1super::super::super::config::file::SRTSubtitleFormat // :(

This has been mostly manageable, but recently, Andrew wanted to compile Stork on an environment (x86 Amazon Linux 2) for which my release process doesn't create a binary. I spun up an ec2 instance, tried to compile Stork, and was disappointed to find that it doesn't compile - the new "download a web page and index it" feature relies on OpenSSL, which the Rust installation was having trouble finding. This seems like a bug? I'll have to go back and reproduce it and file it later, probably on this repo. As a workaround, I wanted to see if there was a way to conditionally compile out that code. Andrew wouldn't be able to download web pages and index them, but that's better than not being able to run Stork after all.

In a Rust crate, you can use features to mark code as optional. When the feature is on, it will be compiled into the binary. When the feature is off, the compiler will act as if that code isn't there. You can also mark crates as installed only when a feature is enabled, so my original plan was to put that web-page-downloading feature (and the crates it depended on) behind a feature and try compiling Stork with that feature disabled.

While I was poking at my features, I wanted to change how I approached the modularity of the project. There are some aspects of the code, like a "common" module which contains things like constants, type aliases, and some shared models, that I wanted to extract into its own crate. In fact, there are several modules in the root of Stork that could be their own crate. For example, Stork supports parsing and searching indexes from old versions of Stork, which means the WASM binary has to include a separate deserialization schema that 99%Or 100%! I don't have the analytics to determine, though none of the indexes I've seen through the analytics I _do_have are using the old format. of people don't use. It'd be nice to offer a smaller WASM binary that doesn't include that code, if folks know they won't need it. So this weekend, I got up close and personal with my Stork repo to split out my WASM bridge models, my v2 index, my v3 index, and my config models into their own crates.

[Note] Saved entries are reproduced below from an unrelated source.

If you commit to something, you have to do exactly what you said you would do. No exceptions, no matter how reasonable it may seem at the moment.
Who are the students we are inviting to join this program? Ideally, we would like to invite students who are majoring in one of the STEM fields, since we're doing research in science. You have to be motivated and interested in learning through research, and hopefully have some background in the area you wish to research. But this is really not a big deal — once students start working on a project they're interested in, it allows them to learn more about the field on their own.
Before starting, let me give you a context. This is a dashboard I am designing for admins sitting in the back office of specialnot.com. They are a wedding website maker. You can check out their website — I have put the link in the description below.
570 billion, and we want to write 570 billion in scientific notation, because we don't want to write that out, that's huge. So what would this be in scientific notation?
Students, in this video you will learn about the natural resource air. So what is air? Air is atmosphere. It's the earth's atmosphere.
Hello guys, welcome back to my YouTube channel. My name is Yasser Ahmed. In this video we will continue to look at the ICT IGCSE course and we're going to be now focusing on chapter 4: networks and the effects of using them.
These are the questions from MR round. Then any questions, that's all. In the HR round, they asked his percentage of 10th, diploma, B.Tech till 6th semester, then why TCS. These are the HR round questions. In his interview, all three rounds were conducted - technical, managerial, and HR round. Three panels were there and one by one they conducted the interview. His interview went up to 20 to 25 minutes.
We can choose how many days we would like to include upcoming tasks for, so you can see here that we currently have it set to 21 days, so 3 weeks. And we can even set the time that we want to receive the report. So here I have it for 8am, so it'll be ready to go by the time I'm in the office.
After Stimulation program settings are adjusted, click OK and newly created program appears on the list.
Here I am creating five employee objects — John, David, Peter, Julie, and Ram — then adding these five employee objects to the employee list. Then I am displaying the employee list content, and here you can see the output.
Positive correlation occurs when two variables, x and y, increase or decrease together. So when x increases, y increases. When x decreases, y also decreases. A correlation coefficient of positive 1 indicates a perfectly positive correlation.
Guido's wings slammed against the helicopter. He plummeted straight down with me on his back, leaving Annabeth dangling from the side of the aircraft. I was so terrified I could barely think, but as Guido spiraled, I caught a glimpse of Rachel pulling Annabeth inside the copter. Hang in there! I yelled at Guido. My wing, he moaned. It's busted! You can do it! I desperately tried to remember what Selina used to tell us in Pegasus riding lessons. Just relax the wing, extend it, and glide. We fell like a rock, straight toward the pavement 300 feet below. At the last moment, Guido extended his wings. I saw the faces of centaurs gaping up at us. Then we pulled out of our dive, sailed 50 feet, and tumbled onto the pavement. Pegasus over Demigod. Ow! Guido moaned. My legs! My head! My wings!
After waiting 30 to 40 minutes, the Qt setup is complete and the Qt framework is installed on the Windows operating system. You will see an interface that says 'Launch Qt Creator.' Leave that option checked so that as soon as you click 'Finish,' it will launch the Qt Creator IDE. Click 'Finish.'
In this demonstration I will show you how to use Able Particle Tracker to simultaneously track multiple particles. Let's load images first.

As usual, the compiler admonished me repeatedly. This isn't a bad thing! Compiler admonition is much better than runtime failure; that's one of the reasons I like writing Rust so much. I was referencing things across modules in a way that wasn't allowed -- or at least, that I shouldn't repeat -- across crates. I updated nearly every import in the project. It felt like I was finally making some of the sketchier parts of the codebase clearer, which felt nice. Along the way, I cleaned up my custom error implementations with the thiserror crate, which was really satisfying. And getting to a place where I had easily understandable crates with small public interfaces all interacting with each other made me look forward to building on top of those crates in the future. In Rust, "Crate" is its own visibility level. Now that there are more crate boundaries in the project, I can be a lot more granular about what symbols are visible, so I can make more symbols private (or make symbols private more easily) than I could before. That makes me more likely to write documentation for my public interfaces (or even care about them when I previously hadn't), since those public interfaces are now more logical and meaningful than they were before.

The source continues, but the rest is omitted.